I’m not completely sure what has caused the problem that others have experienced, but I had great success with this sand. As one reviewer pointed out, it’s not “sand” per se, but a mixture that looks like sand and hardens like cement when cured. We have a 12’ x 4’ granite block walkway that was set straight in the dirt years before we purchased the home. We dug the blocks out, laid a base, and reset them; we had no choice but to leave a fairly large gap in-between the blocks, as that’s how they were laid out originally and there weren’t any spares laying around the yard. Now this is where I had to go a little off the stated directions; first, it says the maximum joint width is 1.5 inches, but we had a few joints that were closer to 2”. Second, forget using a leaf blower to clear off the sand after settling it into the pavers, because no matter how low the speed or how hard you try, you WILL end up blowing the sand out of the joints, so I just went with a small hand broom and brushed from one end of the walkway to the other. The granite blocks are about 4” thick, so that meant having to use multiple buckets of the sand and layering the applications. The first application was a little over 1” depth; I watered it in, let it cure, and then waited a few more days before putting the next layer down, repeated the process and applied the third layer, and the project was complete! What’s even better is that I tried this on some large and smaller cracks in the joints of our flagstone walkway, and it worked out great!
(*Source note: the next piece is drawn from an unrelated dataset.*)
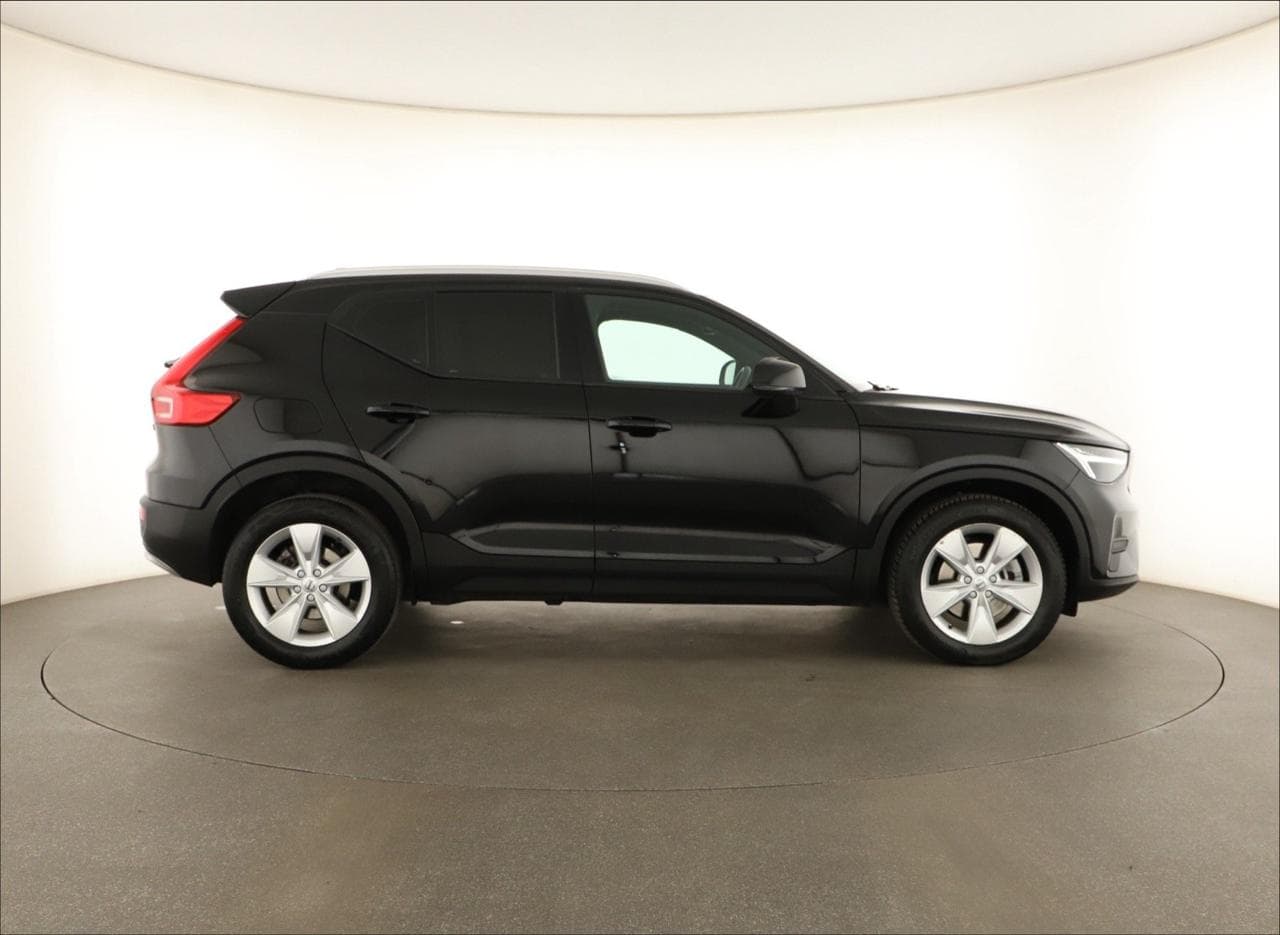 2022 Volvo XC40 - 8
The cracks are gone and the overall appearance of the walkway is much improved.
Something to note is the instructions say to use a back-and-forth motion when spraying the sand with the hose nozzle’s “shower” setting – assuming you have a multi-function hose nozzle. I tried that initially, but found the setting knocked some of the sand out of the joints, so I used the “cone” setting and found it’s much more effective.
The only gripe I have is the inconsistency of color between buckets; the material from one bucket turned a sandstone color after being wet and cured, but another bucket was clearly more gray in color beforehand and dried a lighter shade (think North Carolina beach sand vs. Florida Gulf Coast beach sand, and you’ll understand what I mean). Luckily the lighter stuff was the top layer, so the end result didn’t affect the visible color consistency, but it’s something to be aware of if you need more than one bucket of the stuff.